Leaving the pictures out, print the lines from the first line of the listing through the line containing "S35 8PS map", exactly as they read, and no others.

# # # #

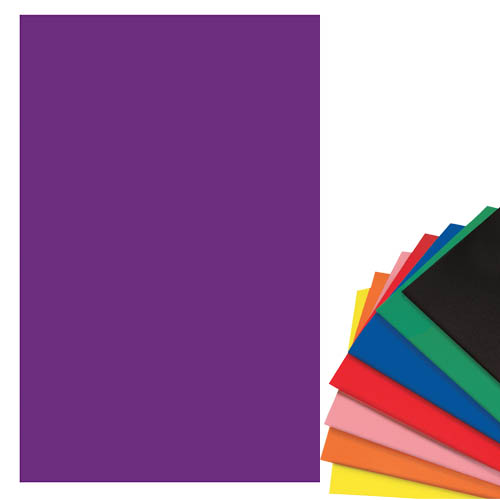 FOGLIO CARTA VELLUTATA CM. 50x70 - VIOLA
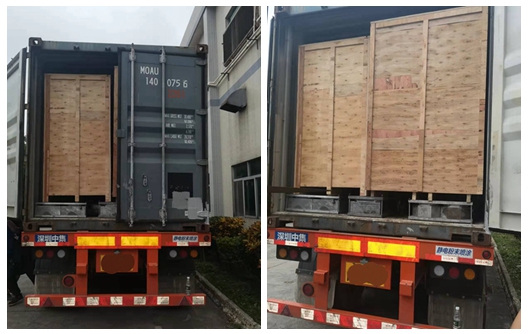 Melamine Preheating Machines and Moulds Shipment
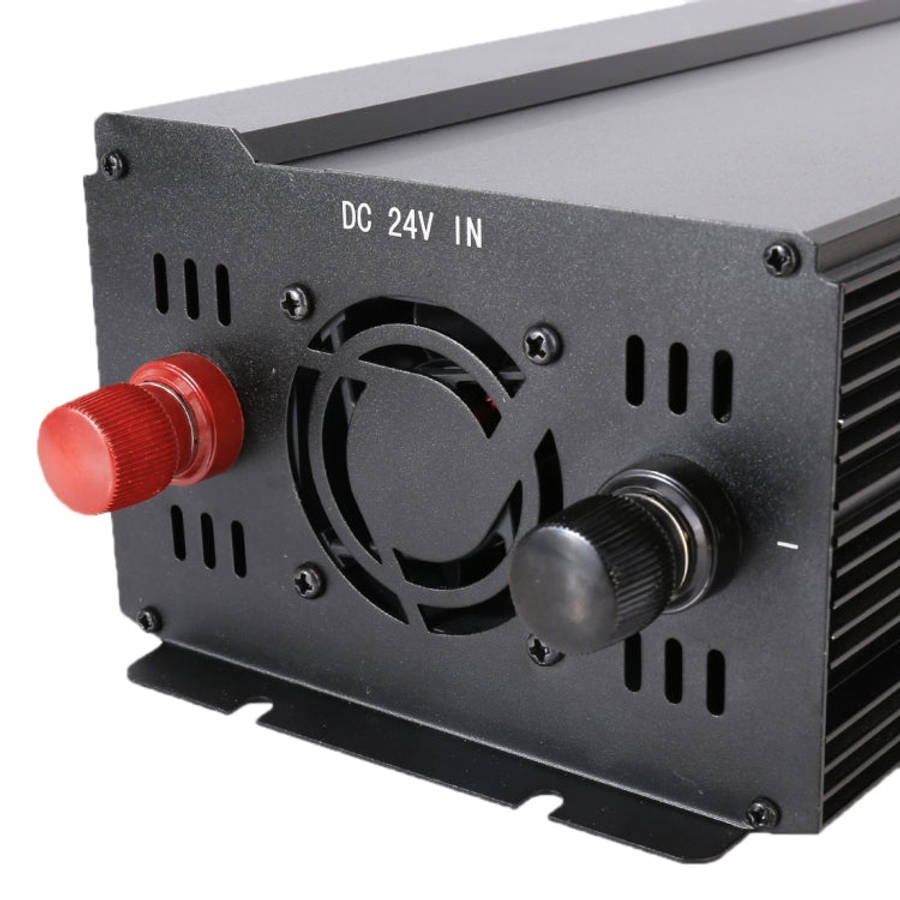 3000W DC 24V to AC 220V Car Multi-functional Sine Wave Power Inverter, Random Color Delivery, 300...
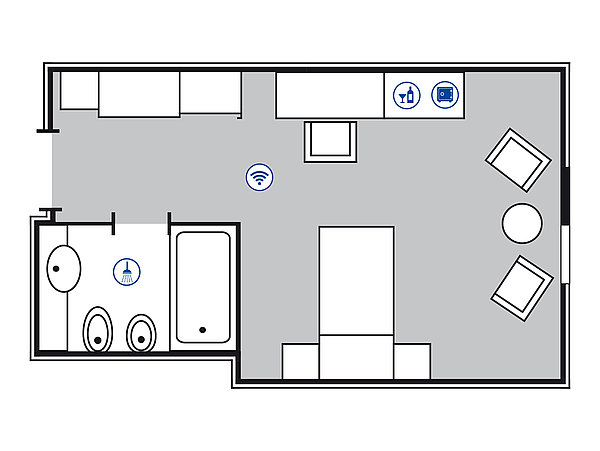 Room floor plan Superior room | Maritim Hotel Bonn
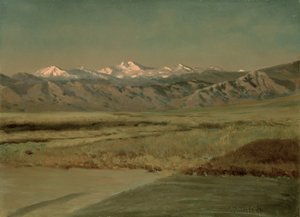 Les Grand Tetons, Wyoming - Albert Bierstadt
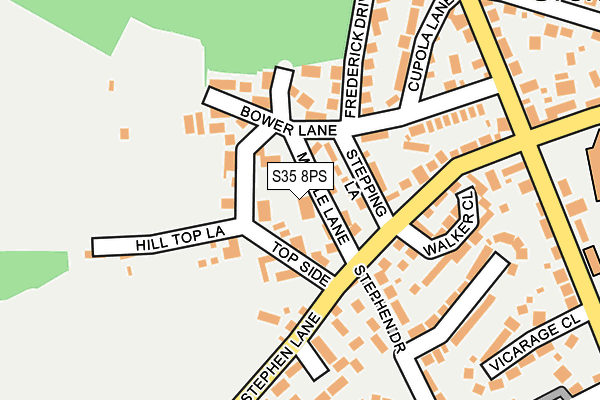 S35 8PS map - OS OpenMap – Local (Ordnance Survey)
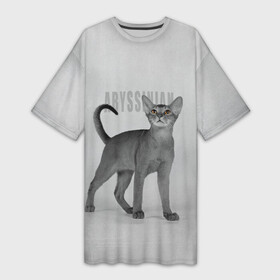 Платье-футболка 3D с принтом Котенок абиссинец в Санкт-Петербурге,  |  | Тематика изображения на принте: абиссинец | абиссинская кошка | абиссинская порода | кот абиссинец | котенок абиссинец | кошка абиссинец | порода абиссинец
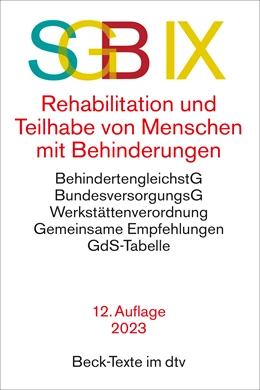 Abbildung von SGB IX Rehabilitation und Teilhabe von Menschen mit Behinderungen | 12. Auflage | 2023 | 5755 | beck-shop.de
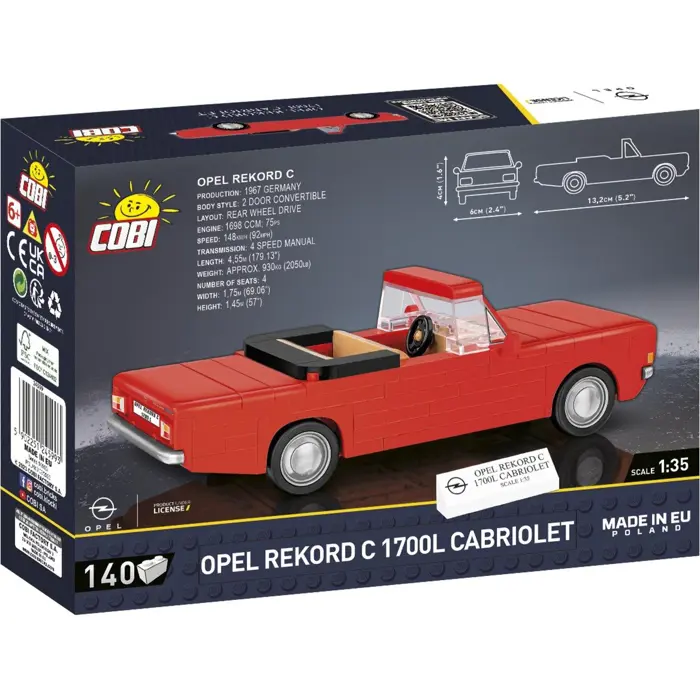 COBI Opel Rekord C 1700 L Cabriolet, construction toy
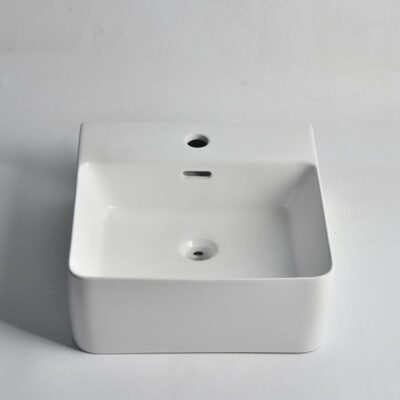 420 x 400 x 155mm Gloss White Wall Hung Basin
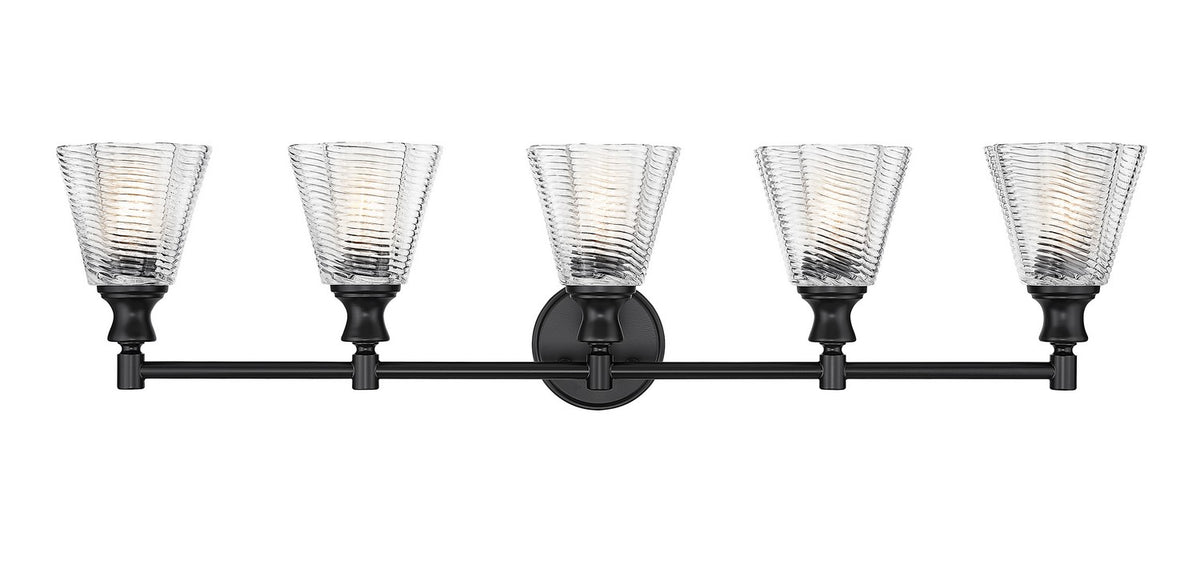 Luminaire de vanité Auden Noir mat, 39 3/4" – vue 3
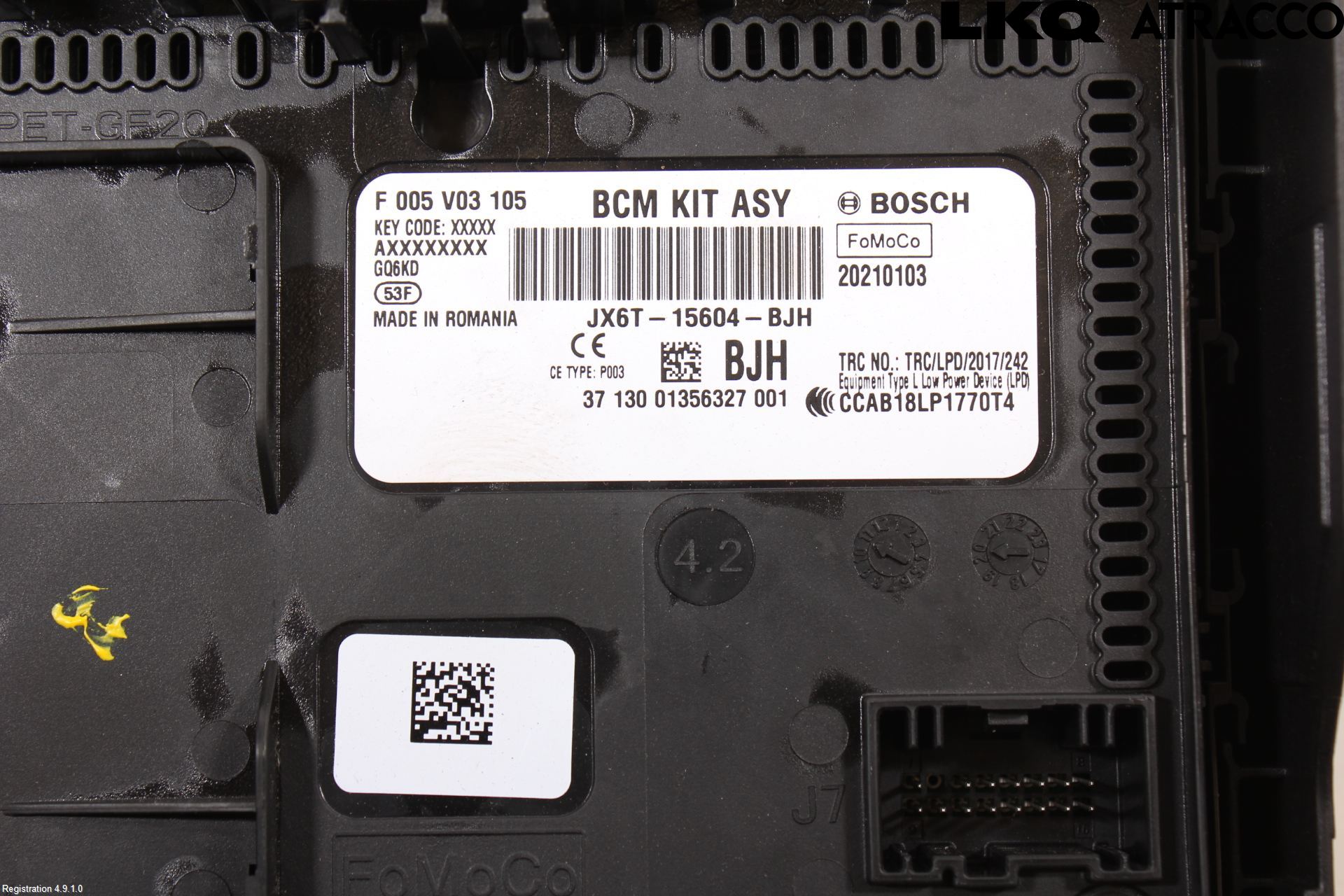 Ford FOCUS 19- Säkringsdosa-Elcentral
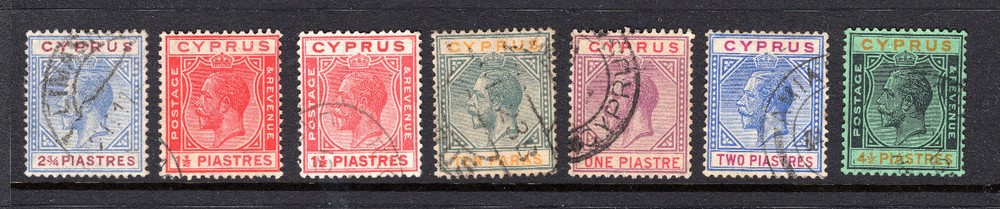 CYPRUS KGV Stamp Lot F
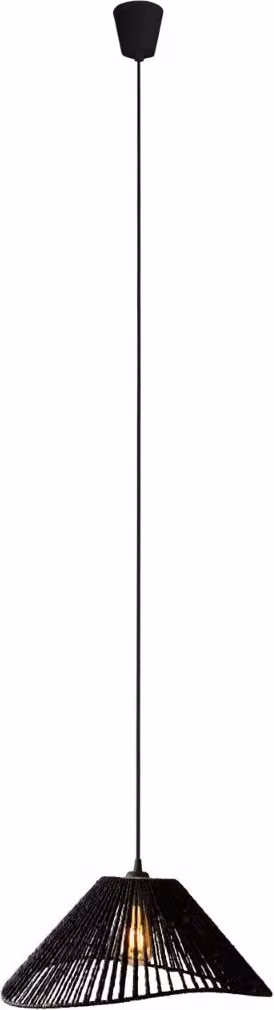 Lampada a sospensione AMALFI nera 1xE27x15W in carta, dimensioni: 165x45x45 cm, IP20, Maxlight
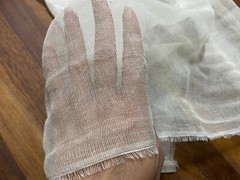 Mull Muslin 100% Cotton Fabric Voile Curtains Gauze Cheesecloth 140cm wide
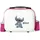 Disney Adorable Stitch Kulturbeutel, anpassbar, weiß, 29 x 21 x 15 cm, starres ABS, 9,14 l, 0,6 kg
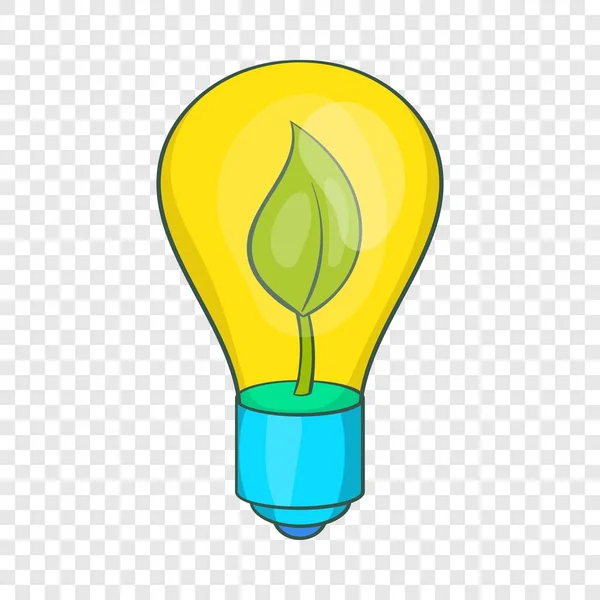 Icône d'ampoule Eco, style dessin animé — Image vectorielle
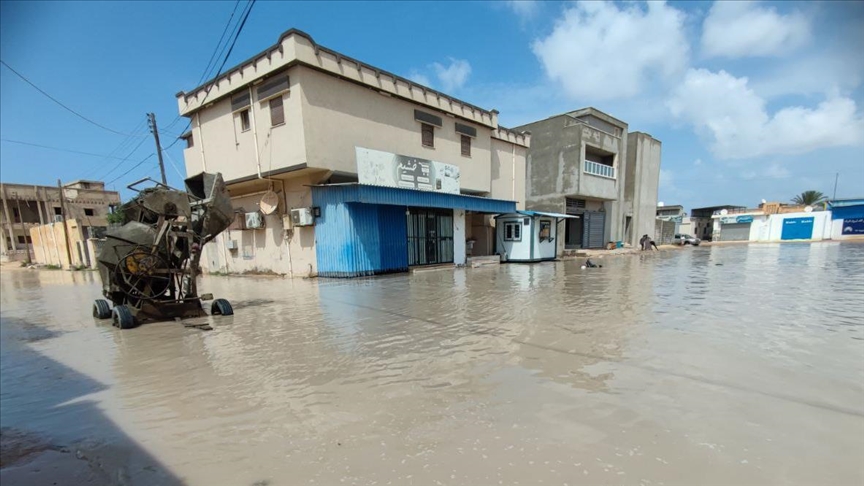 Libya declares disaster zones after floods caused by Storm Daniel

# # # #

> _Response for this exercise_:
 FOGLIO CARTA VELLUTATA CM. 50x70 - VIOLA
 Melamine Preheating Machines and Moulds Shipment
 3000W DC 24V to AC 220V Car Multi-functional Sine Wave Power Inverter, Random Color Delivery, 300...
 Room floor plan Superior room | Maritim Hotel Bonn
 Les Grand Tetons, Wyoming - Albert Bierstadt
 S35 8PS map - OS OpenMap – Local (Ordnance Survey)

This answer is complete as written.